It looks like you got a BrokenPipeError: [Errno 32] Broken pipe.
Could you reduce the number of workers in your DataLoader to zero and see if your code still breaks?

Also, are you using the if-clause protection? Since you are using Windows, multiprocessing should be guarded with:

import torch

def main()
    for i, data in enumerate(dataloader):
        # do something here

if __name__ == '__main__':
    main()

Have a look at the Windows FAQ for more info.

Ben89 · December 2, 2018, 1:18pm

I’ve tried by using 0 num_workers and it works nw.

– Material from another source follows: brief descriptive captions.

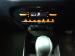 Toyota Starlet 1.5 XS auto - Thumbnail 12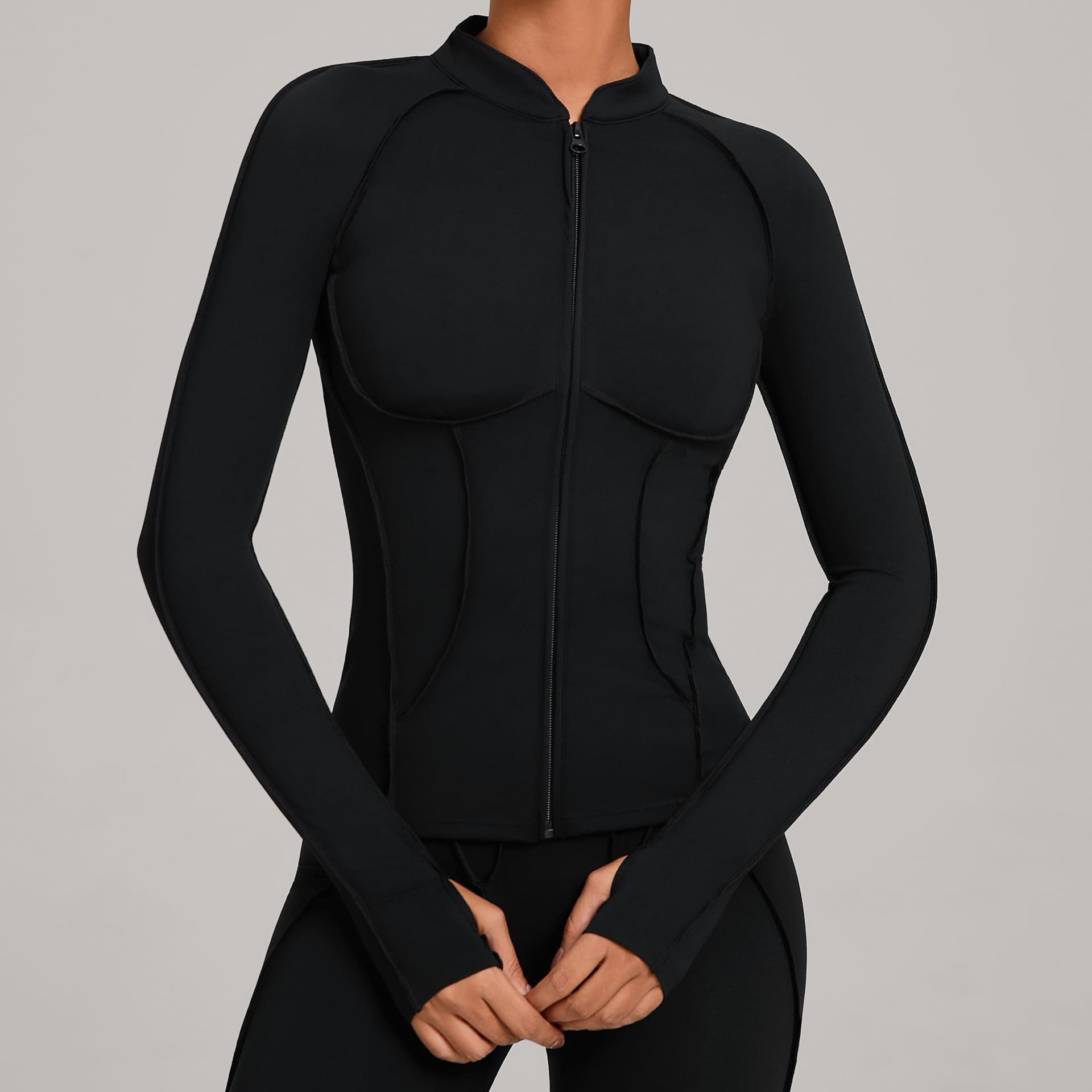 workout clothes wholesale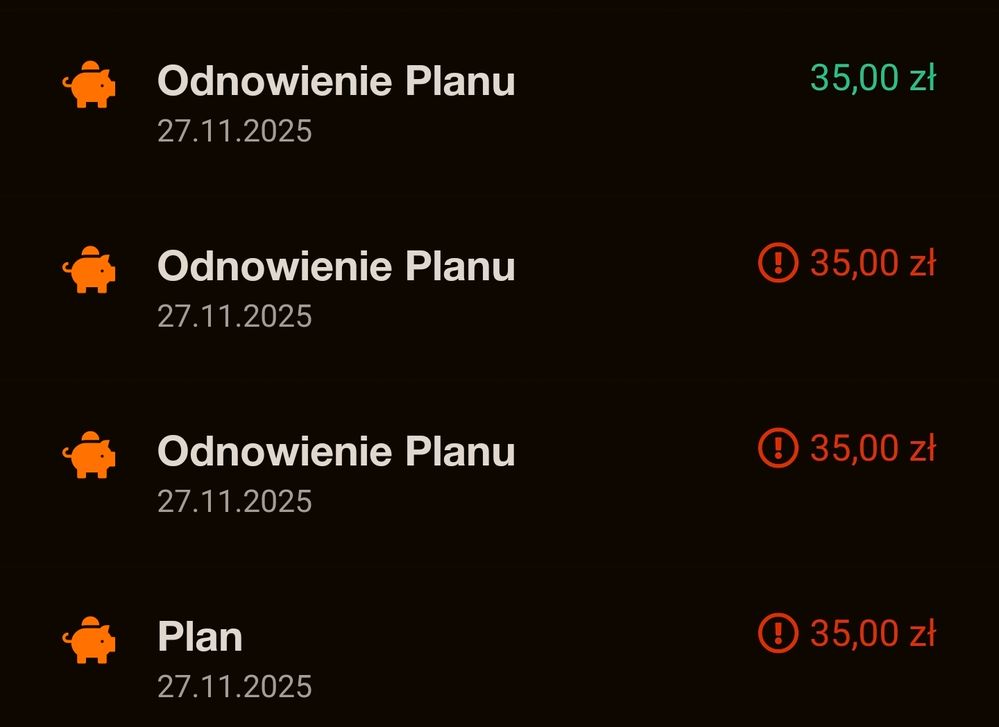 Screenshot_20251210_183236_Orange Flex.jpg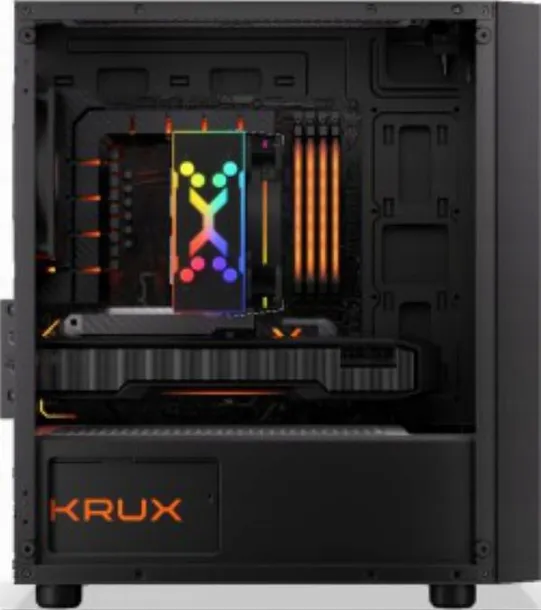 obudowa-krux-scor-liczba-zlaczy-usb-3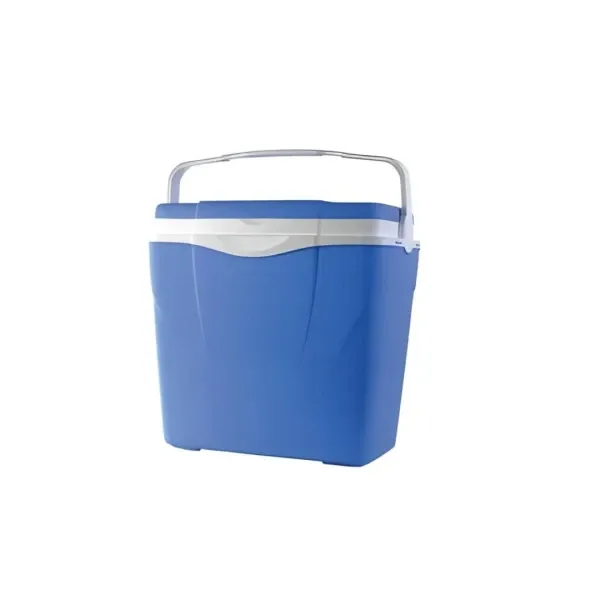 EL FRESCO Piknik Antarctica Blue Atoll 24L Slika 1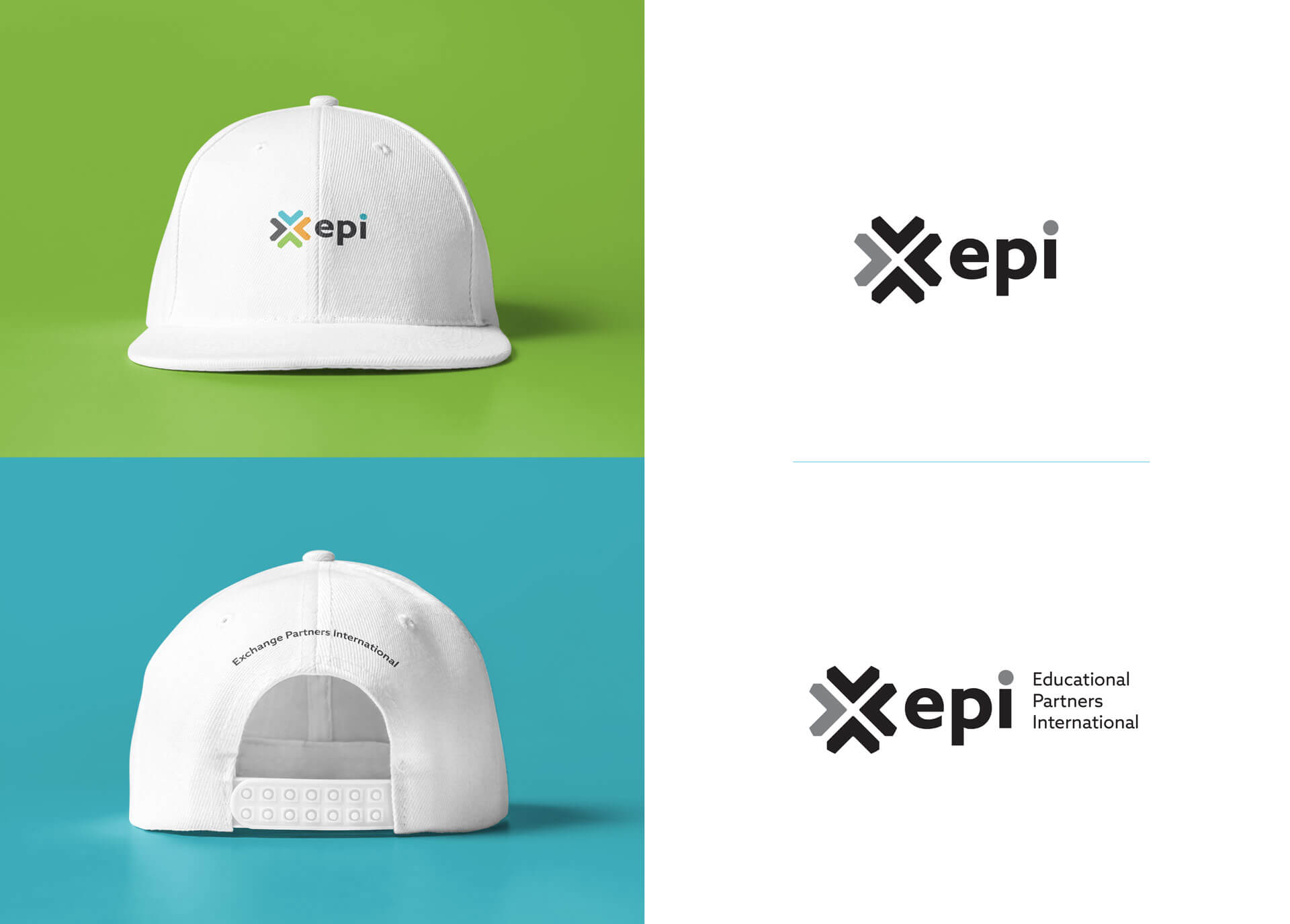 epi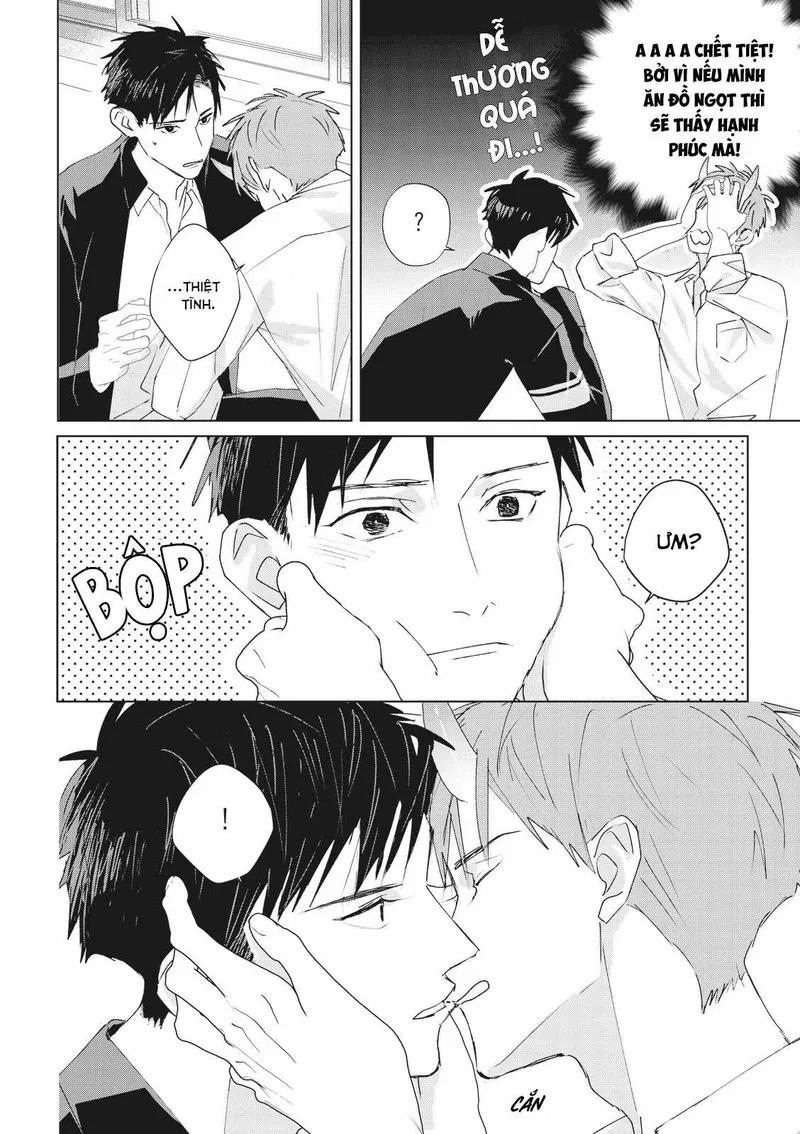 Hợp Đồng Luyện Tập Tiếp Xúc 13 trang 35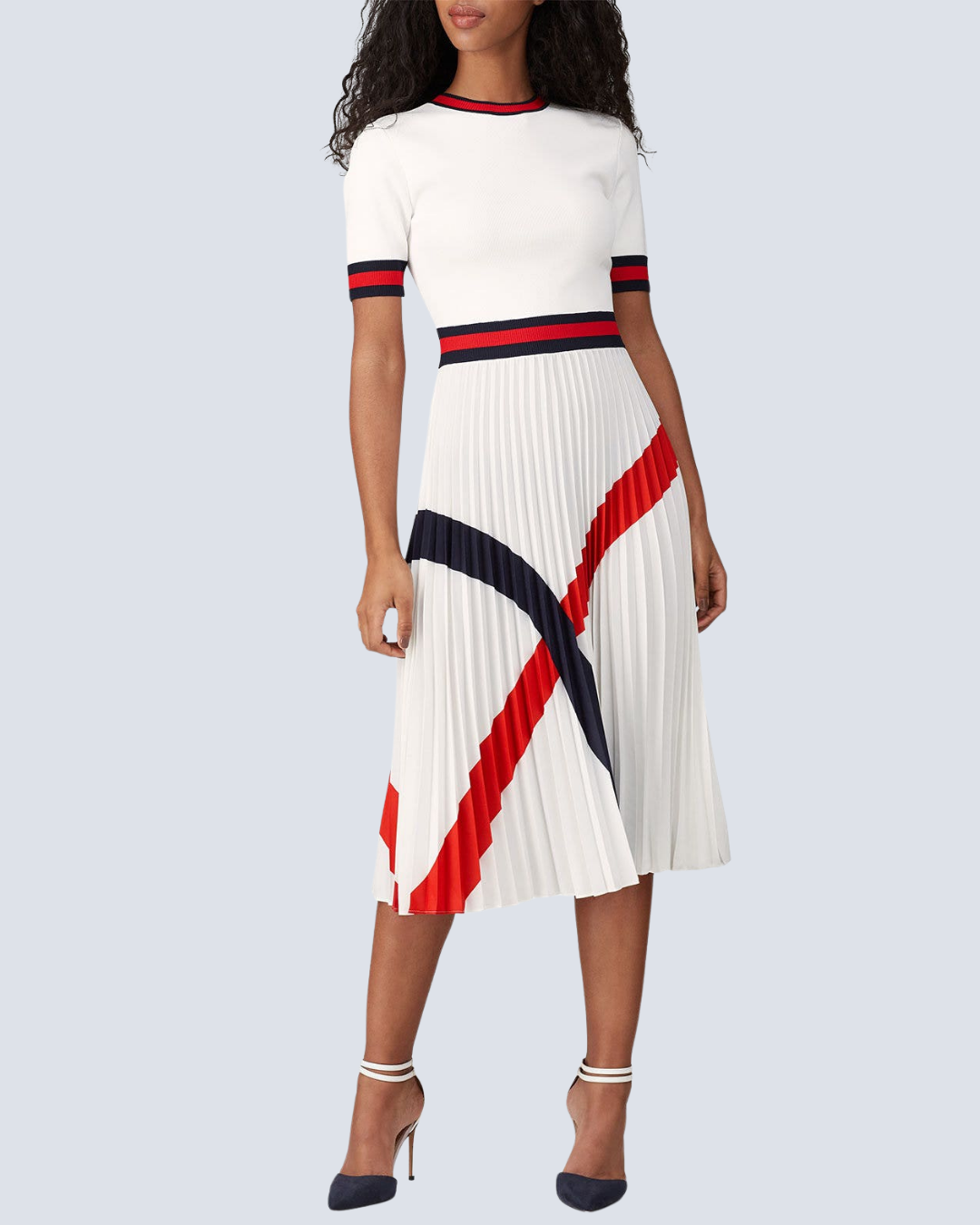 Stripe Fusion
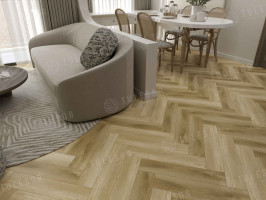 Art Parquet GRAZIOSO 1005-6 - 1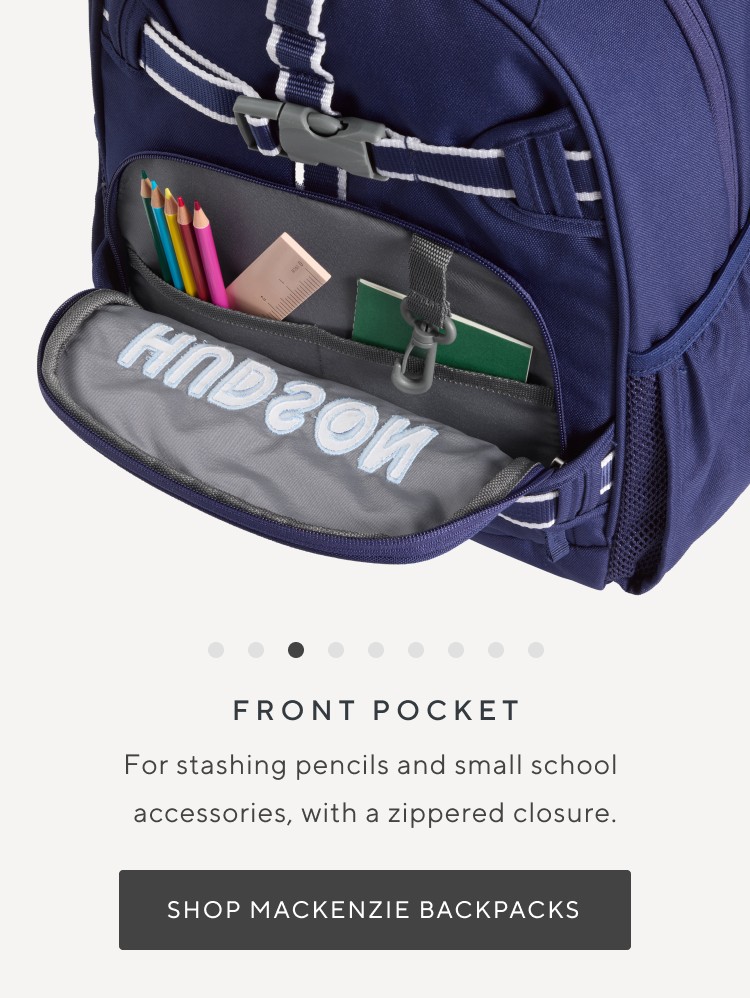 High-Quality Backpacks & Luggage for Every Adventure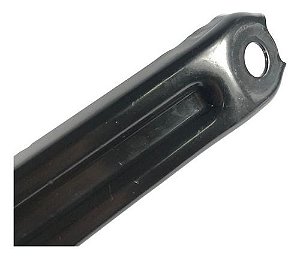 Suporte Do Agregado Direito Honda City 1.5 2017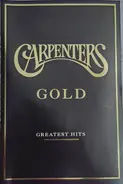 Carpenters - Carpenters Gold: Greatest Hits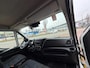 IVECO Daily 35S14V 2.3 352 H3 L Airco|Cruise|6Bak|Trekhaak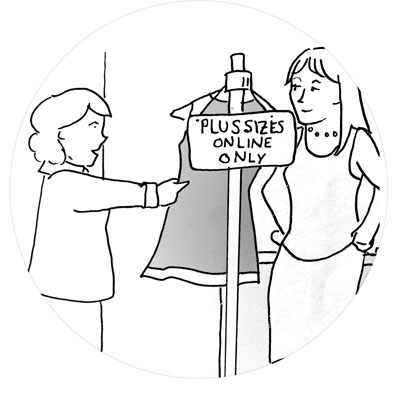 7-23-15-blog-what-they-mean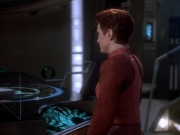 Filename=extant_StarTrekDS9_2x04-InvasiveProcedures_01918.jpg
Filesize=151KiB
Dimensions=1200x900
Date added=Jun 21, 2019 extant_StarTrekDS9_2x04-InvasiveProcedures_01918.jpg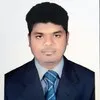 AKM IBNUL NASHID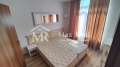 Продава 3-СТАЕН, област Бургас, к.к. Слънчев бряг • 74900 € / 146491.67 лв. • 82139272 6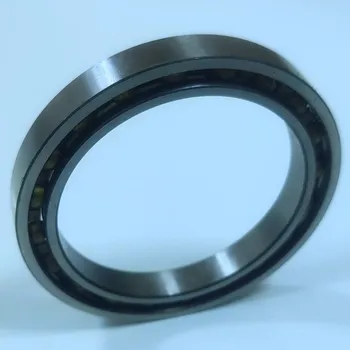 Ložisko - 6010 TBP63 ZKL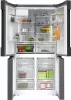 Bosch KFI96AXEA Home Connect multidoor frigider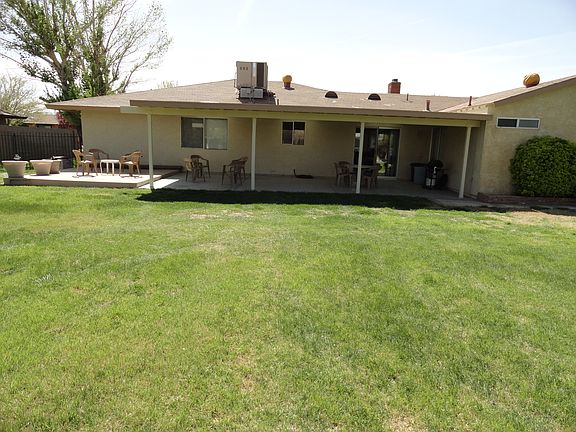 4th image of 15615 Lanfair Ave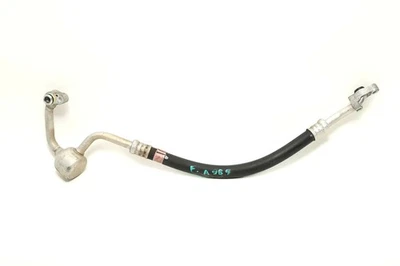 Manguera de succión de aire acondicionado Lexus GS350 07-11 88712-30210, A989, FABRICANTE DE EQUIPOS ORIGINALES, 2007, 2008, Foto 1 de 3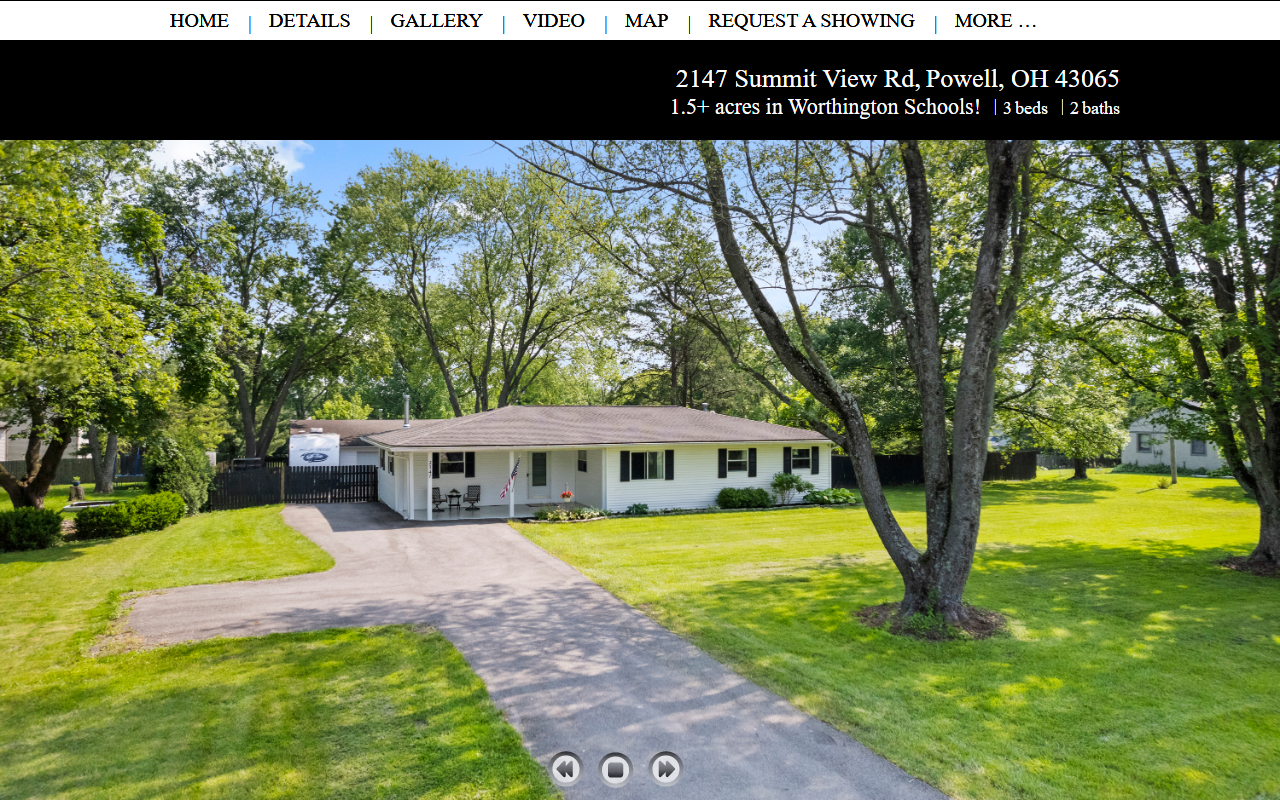 2147summitview.com screenshot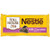 Nestle Toll House Milk Chocolate Morsels 11.5 Ounce Package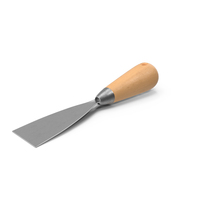 Paint Scraper PNG & PSD Images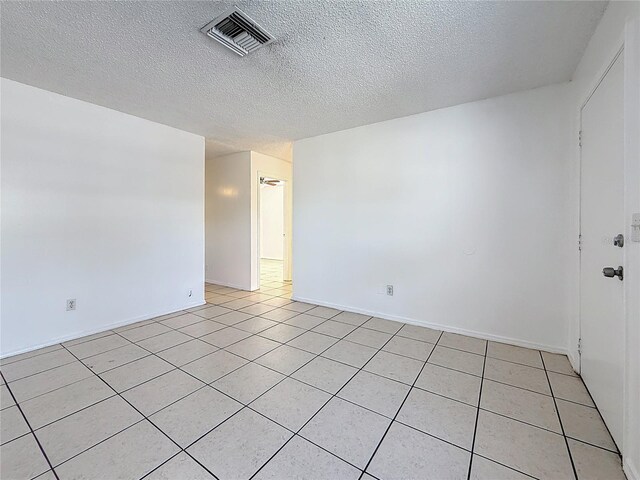 2319 18th Ave SW, Largo, FL 33774 - photo 24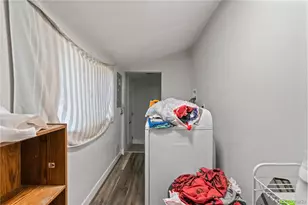 4992 Grove St, Denver, CO 80221 - Photo 9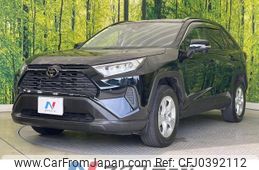 toyota rav4 2021 -TOYOTA--RAV4 6BA-MXAA52--MXAA52-5004481---TOYOTA--RAV4 6BA-MXAA52--MXAA52-5004481-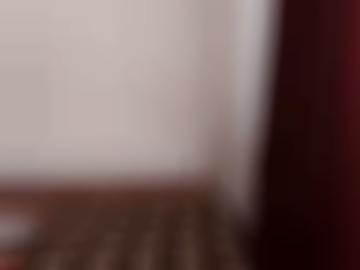 beziehungen zart - öffentlichen fantasie, gehören her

Thank you very much for your help :-9 !

ptrblck · December 2, 2018, 2:21pm

Good to hear it’s working now.
However, I would assume you’ll get a proper error running your code with num_workers=0.
This should only be for debugging purposes as you are now using the main thread to load the data which might slow down your training.

Did you try to add the if-clause protection and use multiple workers?

Ben89 · December 2, 2018, 10:14pm

Yes, I have added the if-clause protection and it now works also with num_workers >0

Now I have just added a one line code to see the shape of the loaded data
but the output shape is <built-in method size of Tensor object at 0x0000013B77CE7900>
it seems that it is not loading the data properly . Is it?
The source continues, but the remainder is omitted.